Impeachment rumblings grow among Democrats
House Speaker Nancy Pelosi this week faced growing pressure from Democrats to begin impeachment proceedings against President Trump, with an angered Trump saying he would no longer attempt to work with the opposition party on any legislation. In a tense closed-door leadership meeting, Pelosi rejected calls for impeachment from Democrats increasingly frustrated by the Trump administration’s blanket refusal to honor congressional subpoenas. Democratic anger boiled over after the White House blocked former counsel Don McGahn from testifying before Congress about Trump’s attempts to end or curtail special counsel Robert Mueller’s investigation, which Mueller listed among 10 possible acts of obstruction of justice.
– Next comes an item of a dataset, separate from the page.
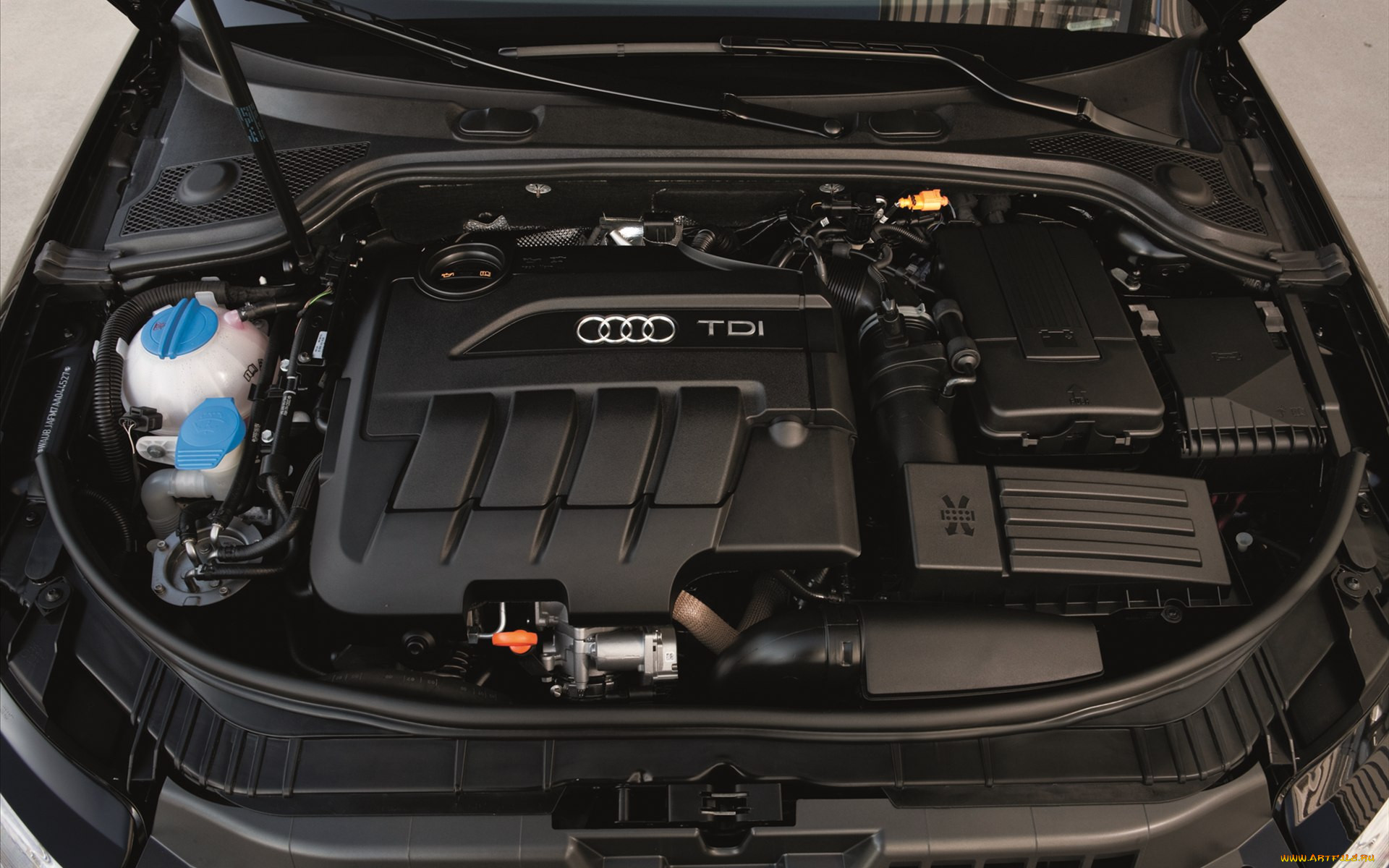 audi, a3, tdi, 2011, ,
The White House is also refusing to turn over Trump’s tax returns, despite a law requiring the Treasury Department to do so upon a request from Congress. “I think we’re at an inflection point,” said Rep. Ted Lieu of the House Judiciary Committee. “If we can’t get information, I think we have to start proceeding down this path.”
Pelosi accused Trump of conducting a “cover-up” by trying to hide information from congressional investigators. But the Speaker counseled fellow Democrats to have patience, saying the House still has many options for getting information the president wants to conceal. She pointed to a strongly worded ruling from a federal judge this week ordering Trump’s accounting firm to turn over financial documents to Congress.
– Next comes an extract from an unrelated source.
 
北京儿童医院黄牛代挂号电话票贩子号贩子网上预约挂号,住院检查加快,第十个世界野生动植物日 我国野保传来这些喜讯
Pelosi’s “cover-up” statement enraged Trump, who stormed out of a meeting on infrastructure with Pelosi and Senate Majority Leader Chuck Schumer after only three minutes. In a rambling Rose Garden speech after that meeting, Trump said he was done working with Democrats on infrastructure or any other issue unless they end the investigations into his administration. “You can’t do it under these circumstances,” Trump said. “So, get these phony investigations over with.”
What the editorials said
“It’s understandable that Democrats are concerned that an impeachment fight” could get in the way of their campaign to unseat Trump in 2020, said Cristian Farias of The New York Times editorial board. But Mueller’s report laid out clear evidence of grave misconduct by Trump: eagerly accepting campaign help from a foreign adversary, and making multiple attempts to thwart the Russia investigation. Democrats have a “constitutional duty” to consider whether Trump has violated his oath of office.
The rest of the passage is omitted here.